EXERCISE:
Take the records below and extract, word for word, the lines from the one containing "Remerciements Carte de voeux ROSE CHAUDE" through the final line, inclusive. Omit pictures.

Records from a collection
▬▬▬
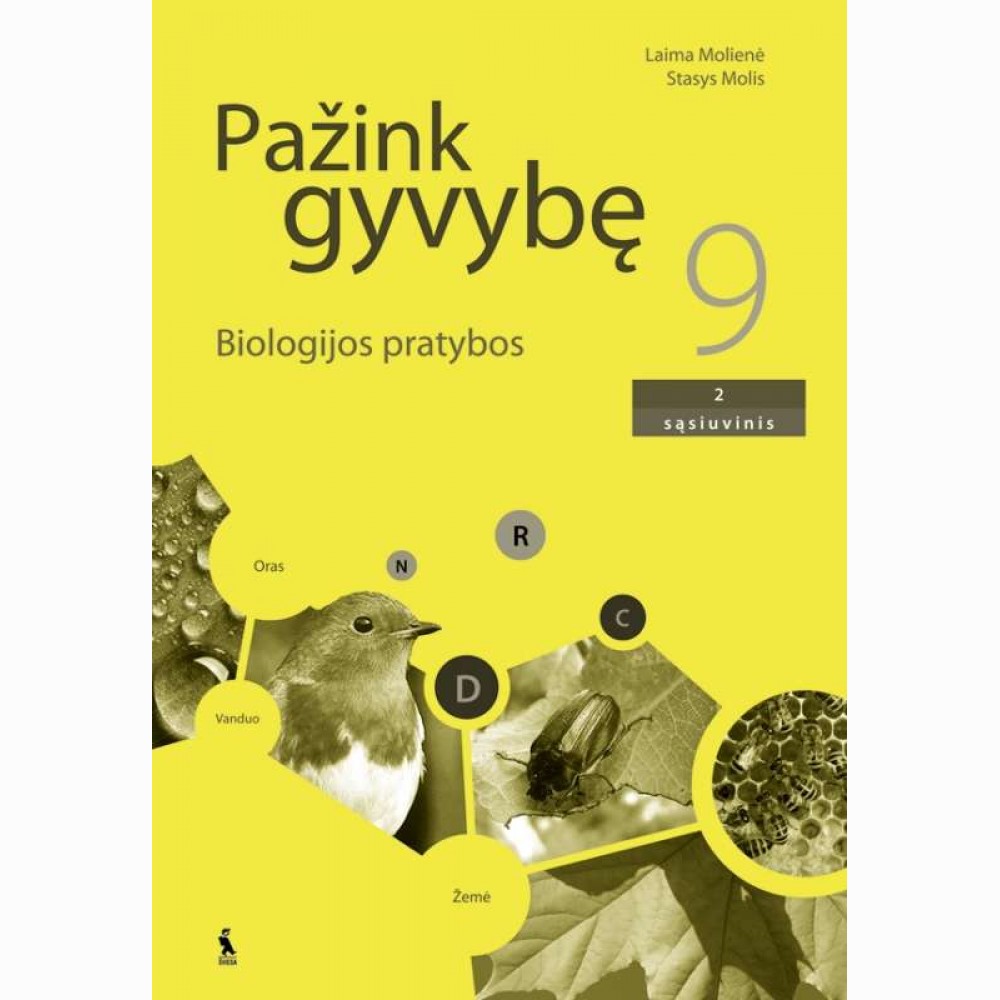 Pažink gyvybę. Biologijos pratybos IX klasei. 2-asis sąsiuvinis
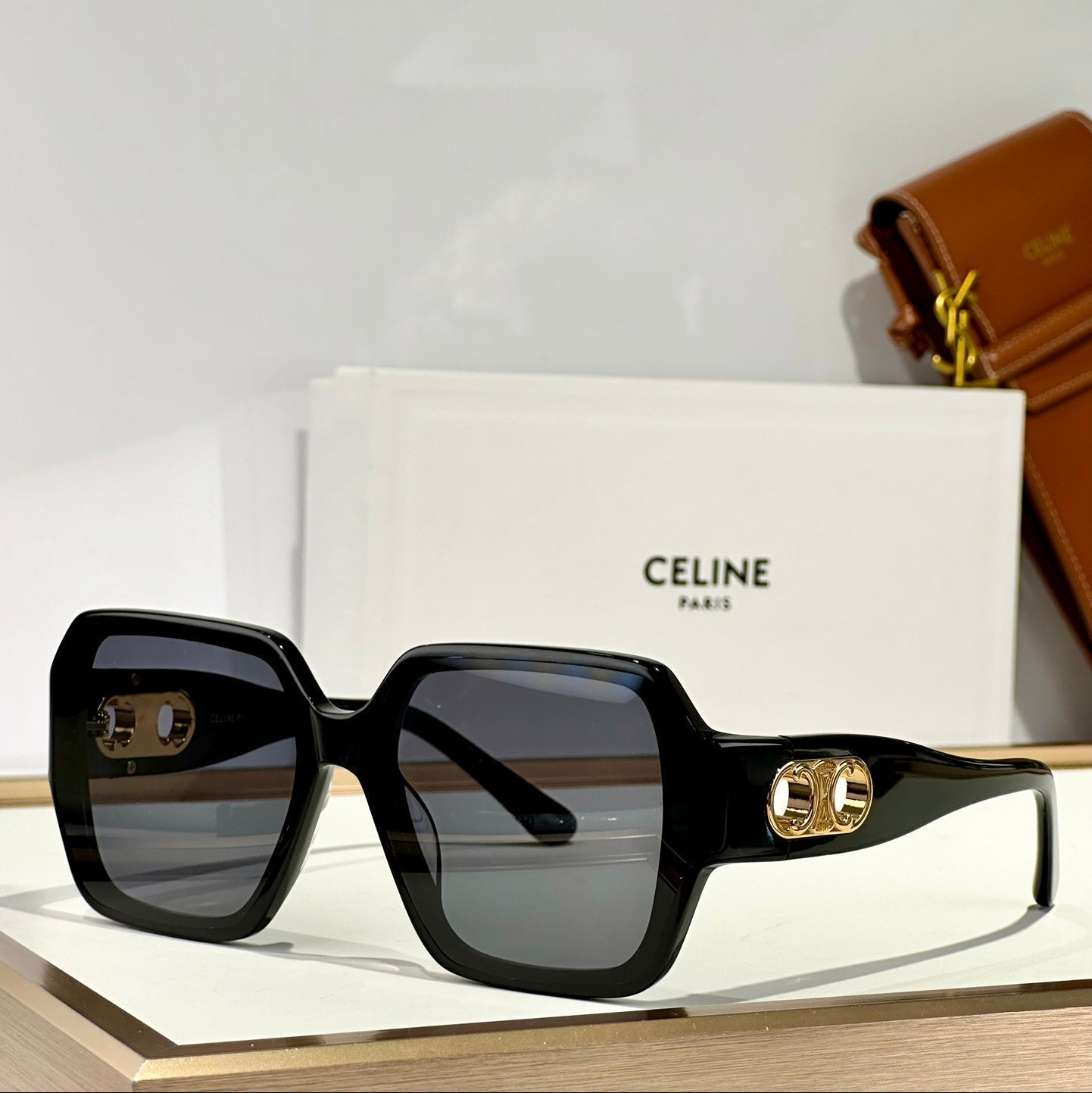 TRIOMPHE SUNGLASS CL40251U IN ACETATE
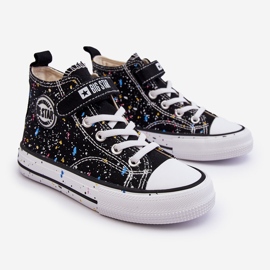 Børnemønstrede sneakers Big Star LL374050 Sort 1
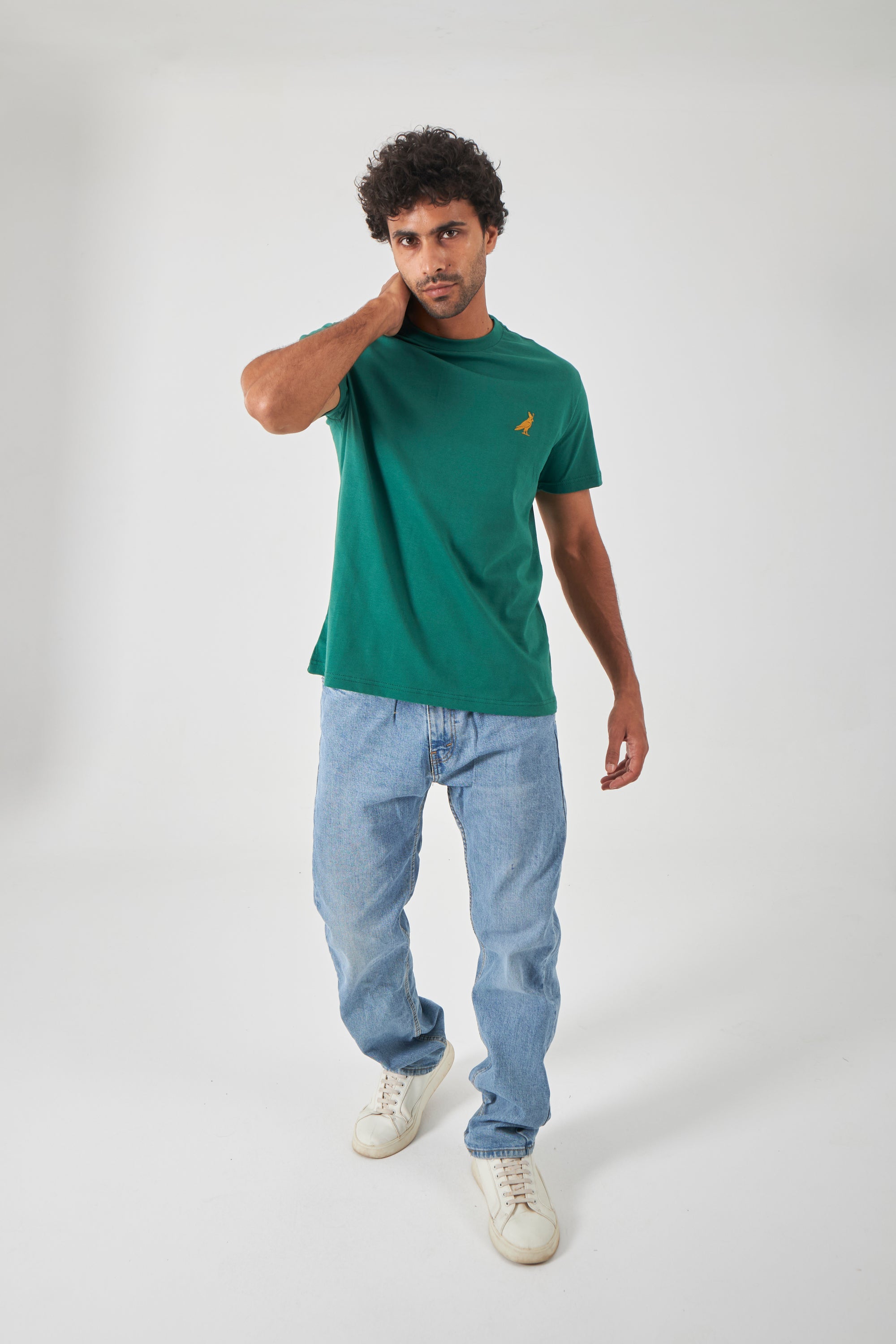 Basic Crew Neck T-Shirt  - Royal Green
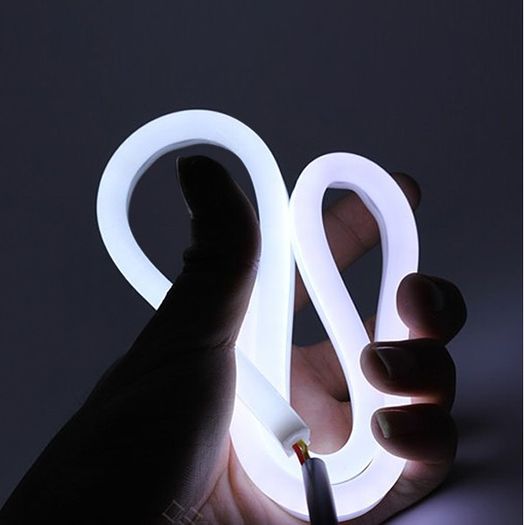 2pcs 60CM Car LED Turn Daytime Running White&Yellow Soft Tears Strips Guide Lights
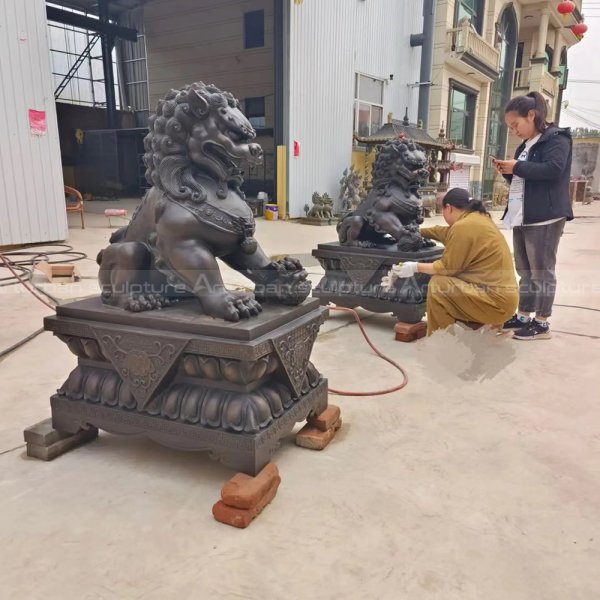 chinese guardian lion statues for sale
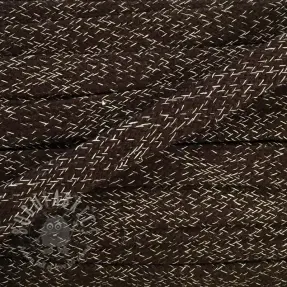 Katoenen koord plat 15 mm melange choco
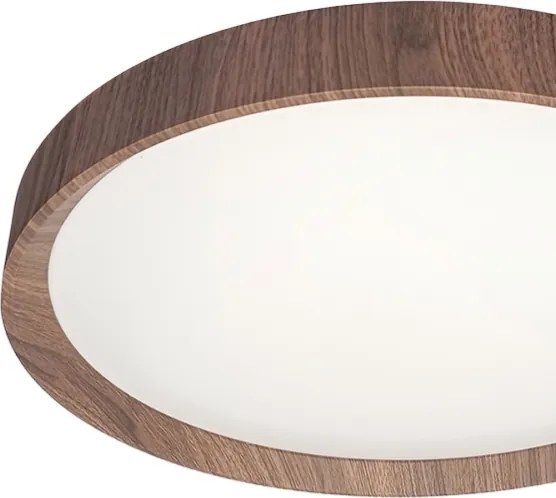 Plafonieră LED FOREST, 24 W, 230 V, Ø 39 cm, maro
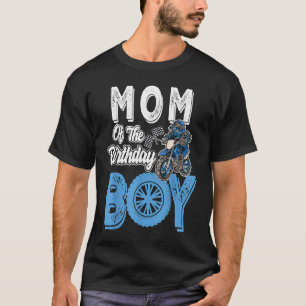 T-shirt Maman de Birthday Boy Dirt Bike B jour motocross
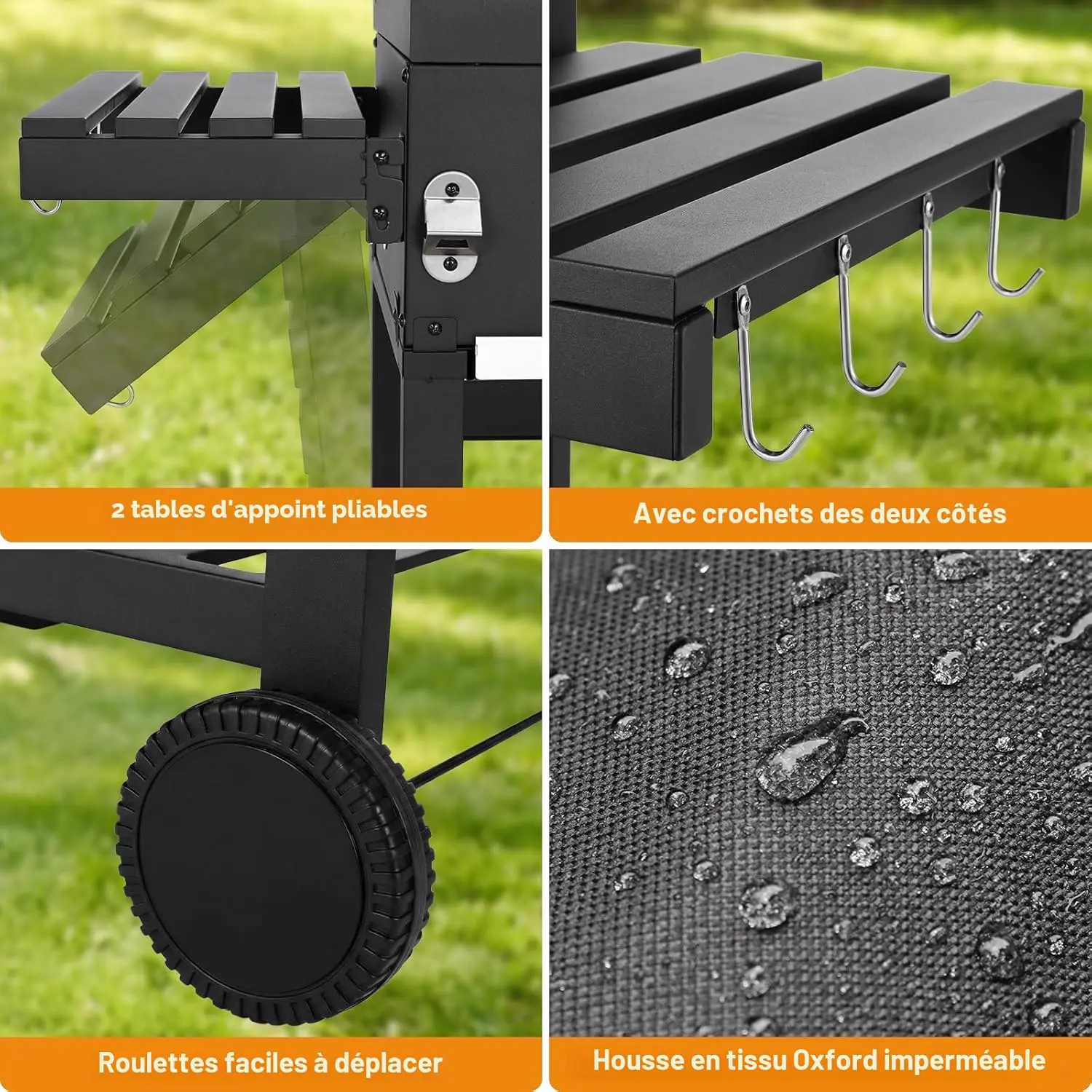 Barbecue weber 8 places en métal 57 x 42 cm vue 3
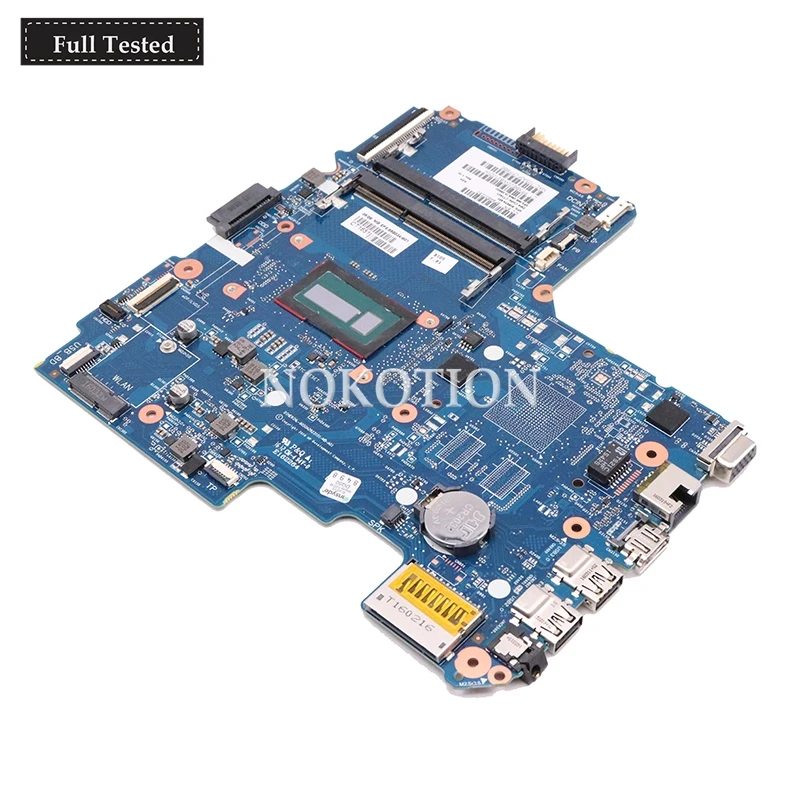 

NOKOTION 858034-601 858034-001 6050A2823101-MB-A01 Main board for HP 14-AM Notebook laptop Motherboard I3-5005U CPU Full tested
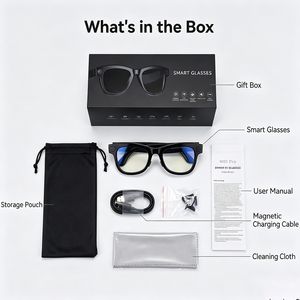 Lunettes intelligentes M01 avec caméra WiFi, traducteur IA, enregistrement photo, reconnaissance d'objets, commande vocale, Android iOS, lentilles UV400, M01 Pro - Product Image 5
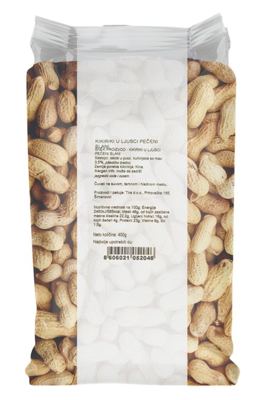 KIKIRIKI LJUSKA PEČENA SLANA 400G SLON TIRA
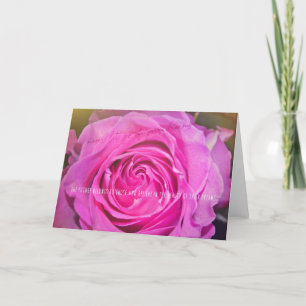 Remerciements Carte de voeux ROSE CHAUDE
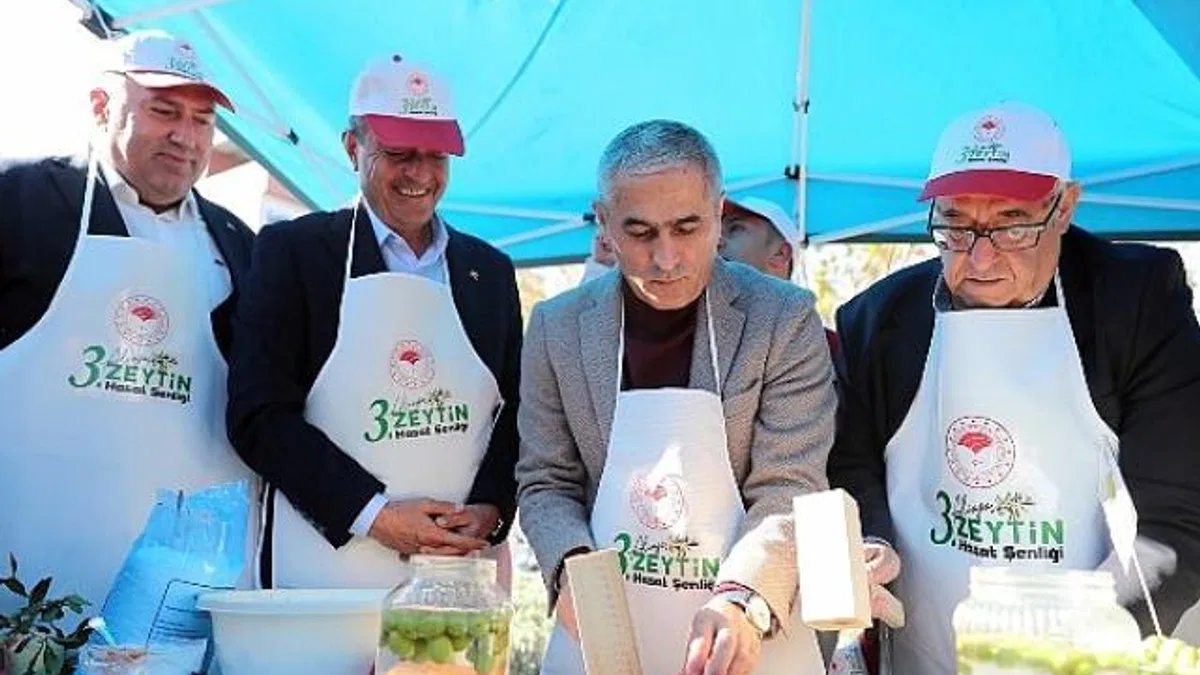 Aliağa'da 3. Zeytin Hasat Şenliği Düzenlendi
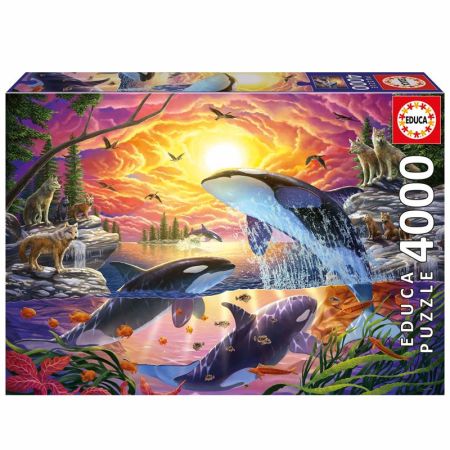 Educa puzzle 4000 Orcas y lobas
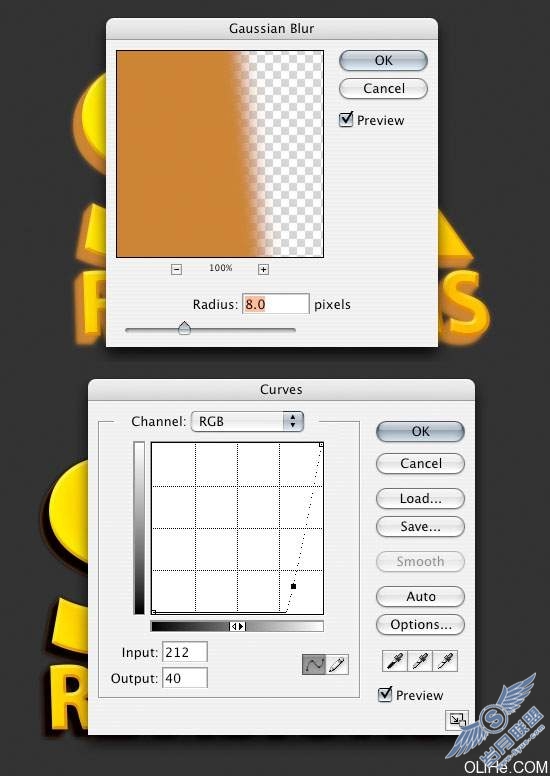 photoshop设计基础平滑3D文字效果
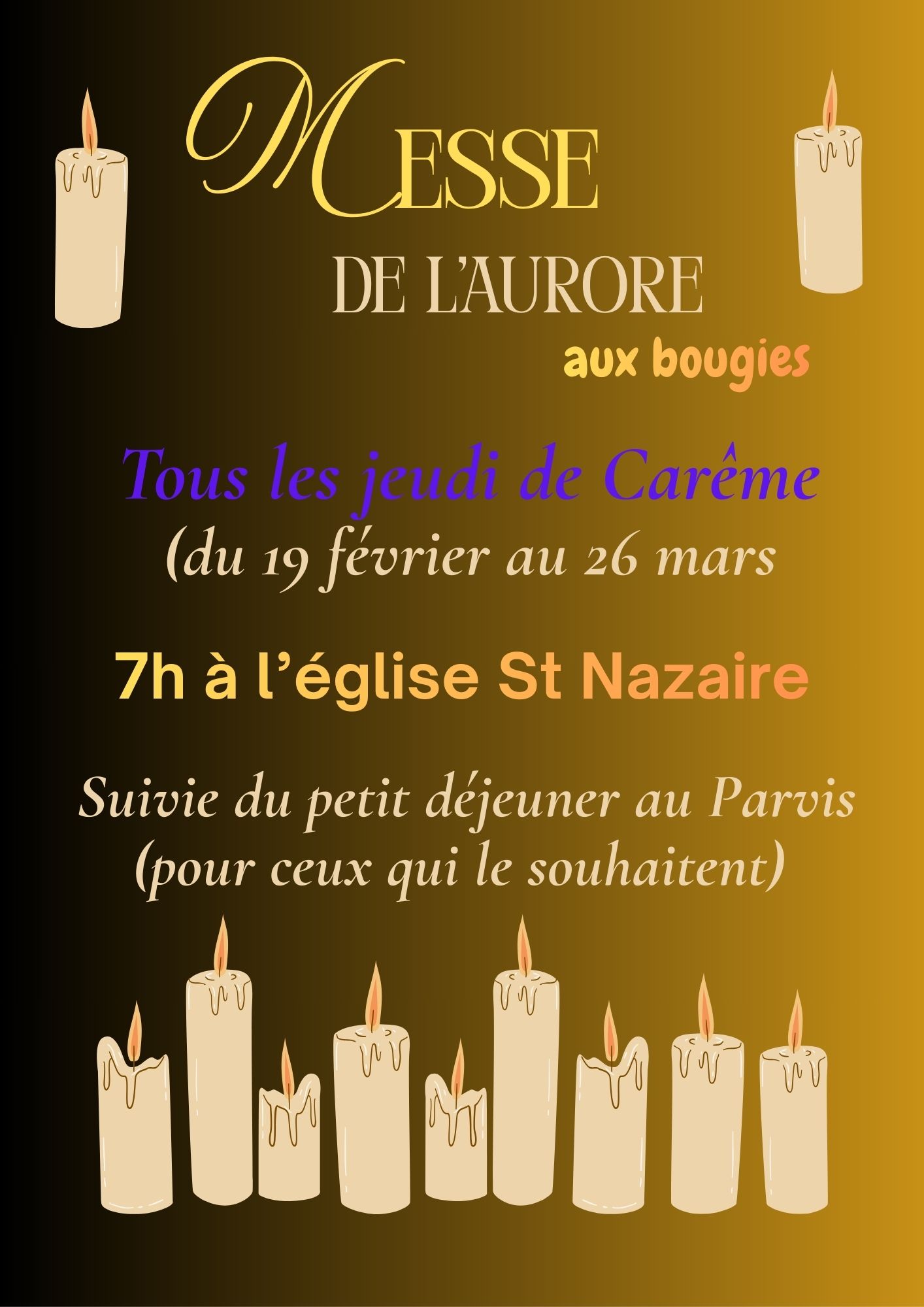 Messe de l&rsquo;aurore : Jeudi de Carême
▬▬▬
REPLY:
 Remerciements Carte de voeux ROSE CHAUDE
 Aliağa'da 3. Zeytin Hasat Şenliği Düzenlendi
 Educa puzzle 4000 Orcas y lobas
 photoshop设计基础平滑3D文字效果
 Messe de l&rsquo;aurore : Jeudi de Carême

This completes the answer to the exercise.